Thirty-eight per cent of residential development sites were purchased by Chinese companies last year, according to a Knight Frank market insight report.
“To some extent there are winners and losers — it remains to be seen exactly how it affects real estate investment, which has already slowed down since restrictions last November”, said Paul Schroder, a Partner at King Wood and Mallesons specialising in Chinese acquisitions.
“The clarity that regulators are now giving can only benefit Australian transactions because they are more likely to complete, people are more likely to be open to dealing with China and the timeframes are likely to be more reasonable,” he said.

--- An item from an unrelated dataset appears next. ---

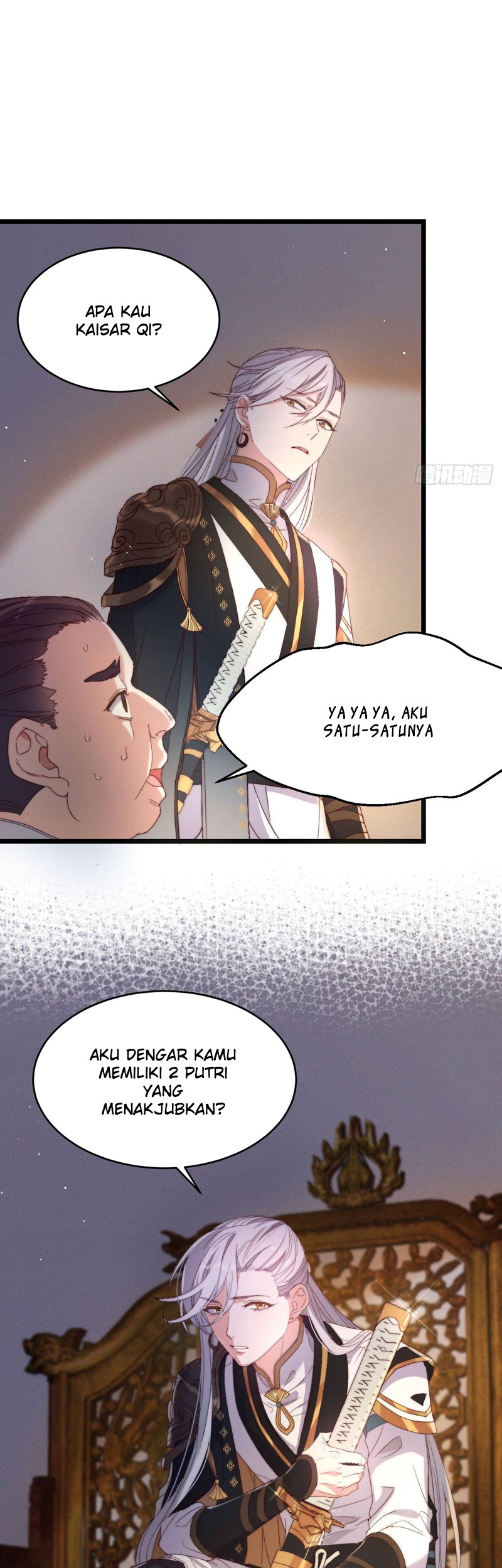 I Won’t Marry The Enemy Prince Chapter 1 Gambar 14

China’s Government has moved to restrict corporate investment abroad over the past year after a surge of outbound deals pushed the value of the Yuan lower and caused concerns about capital flight.
Already individual Chinese property buyers have had to grapple with increasing enforcement of an annual $US50,000 limit on foreign currency purchases, forcing them to use more creative means to get money out of China to complete property purchases.
Some of the country’s largest companies have also come under recent pressure over foreign acquisitions, which has led to the unravelling of entertainment and hotel deals in the United States.
But Chinese investments in Australian resources, such as the recent purchase of Hunter Valley miner Yancoal, along with the service sector are unlikely to be affected by the new guidelines.
Acquisitions of technology companies, along with assets broadly related to infrastructure, are still being encouraged by Beijing.